From: Catalin Marinas <catalin.marinas@arm.com>
To: Will Deacon <will@kernel.org>
Cc: Robin Murphy <robin.murphy@arm.com>,
Yang Yingliang <yangyingliang@huawei.com>,
linux-arm-kernel@lists.infradead.org,
linux-kernel@vger.kernel.org, guohanjun@huawei.com
Subject: Re: [PATCH 2/3] arm64: lib: improve copy performance when size is ge 128 bytes
Date: Tue, 23 Mar 2021 15:03:59 +0000 [thread overview]
Message-ID: <20210323150358.GA10576@arm.com> (raw)
In-Reply-To: <20210323133217.GA11802@willie-the-truck>
On Tue, Mar 23, 2021 at 01:32:18PM +0000, Will Deacon wrote:
> On Tue, Mar 23, 2021 at 12:08:56PM +0000, Robin Murphy wrote:
> > On 2021-03-23 07:34, Yang Yingliang wrote:
> > > When copy over 128 bytes, src/dst is added after
> > > each ldp/stp instruction, it will cost more time.

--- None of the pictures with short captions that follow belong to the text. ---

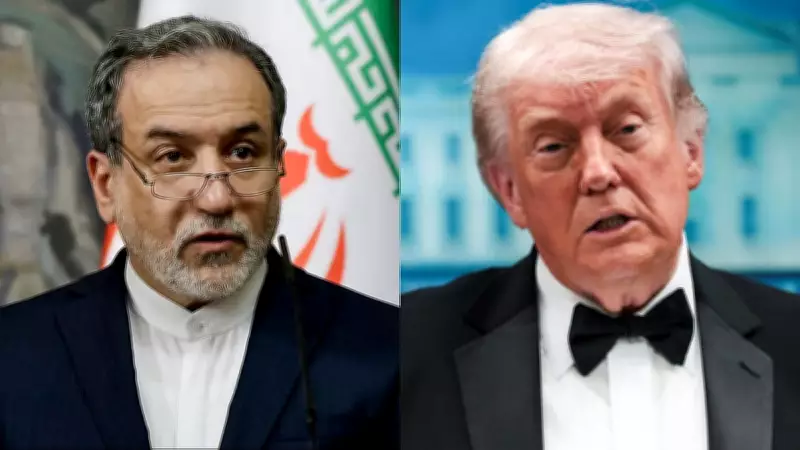 Iran Examining Trump's Negotiation Request, Says Foreign Minister
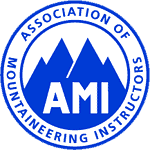 Association of Mountaineering Instructors logo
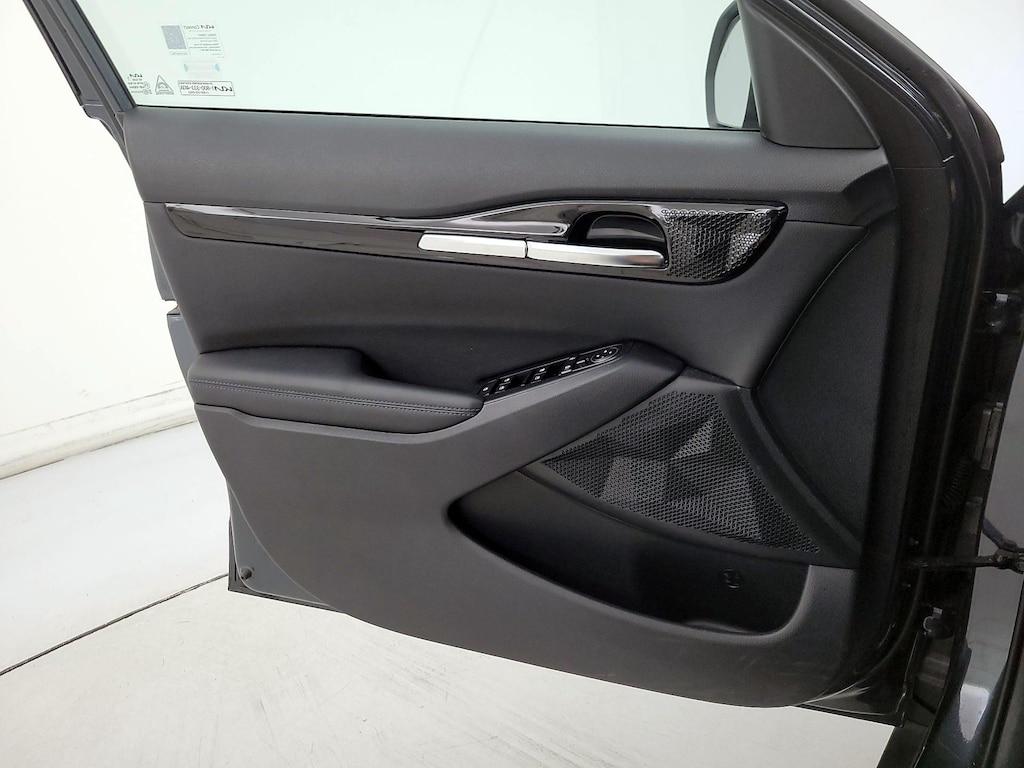 used 2023 Kia Seltos car, priced at $21,998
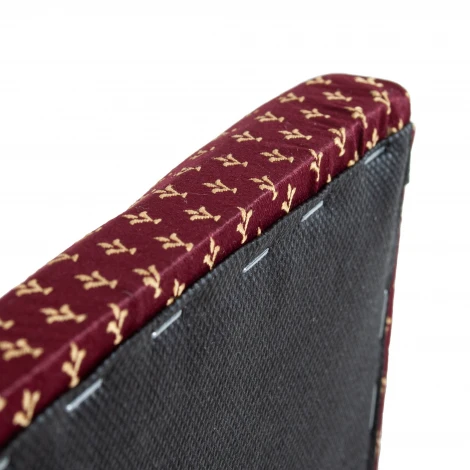 Банкетка Ретро М с ящиком венге, ткань коронка Mebelik 009371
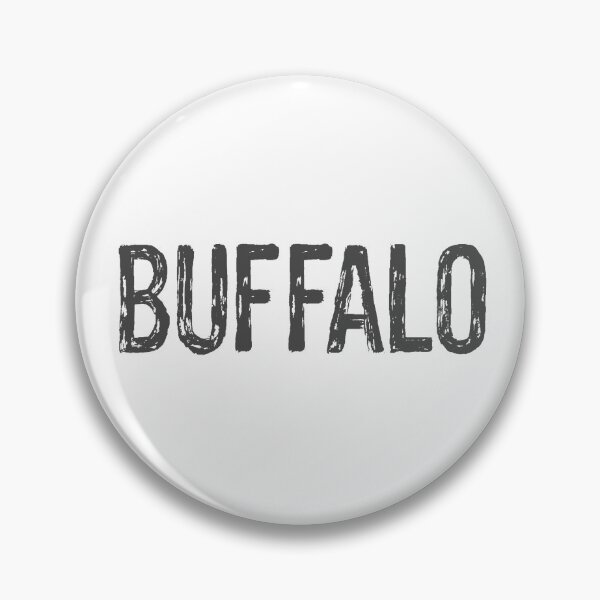 Item preview, Buffalo designed and sold by nyah14.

> > > To improve this, we only add src/dst after load
> > > or store 64 bytes.
> >
> > This breaks the required behaviour for copy_*_user(), since the fault
> > handler expects the base address to be up-to-date at all times. Say you're
> > copying 128 bytes and fault on the 4th store, it should return 80 bytes not
> > copied; the code below would return 128 bytes not copied, even though 48
> > bytes have actually been written to the destination.
> >
> > We've had a couple of tries at updating this code (because the whole
> > template is frankly a bit terrible, and a long way from the well-optimised
> > code it was derived from), but getting the fault-handling behaviour right
> > without making the handler itself ludicrously complex has proven tricky. And
> > then it got bumped down the priority list while the uaccess behaviour in
> > general was in flux - now that the dust has largely settled on that I should
> > probably try to find time to pick this up again...
>
> I think the v5 from Oli was pretty close, but it didn't get any review:
>
> https://lore.kernel.org/r/20200914151800.2270-1-oli.swede@arm.com
These are still unread in my inbox as I was planning to look at them
again. However, I think we discussed a few options on how to proceed but
no concrete plans:
1. Merge Oli's patches as they are, with some potential complexity
issues as fixing the user copy accuracy was non-trivial. I think the
latest version uses a two-stage approach: when taking a fault, it
falls back to to byte-by-byte with the expectation that it faults
again and we can then report the correct fault address.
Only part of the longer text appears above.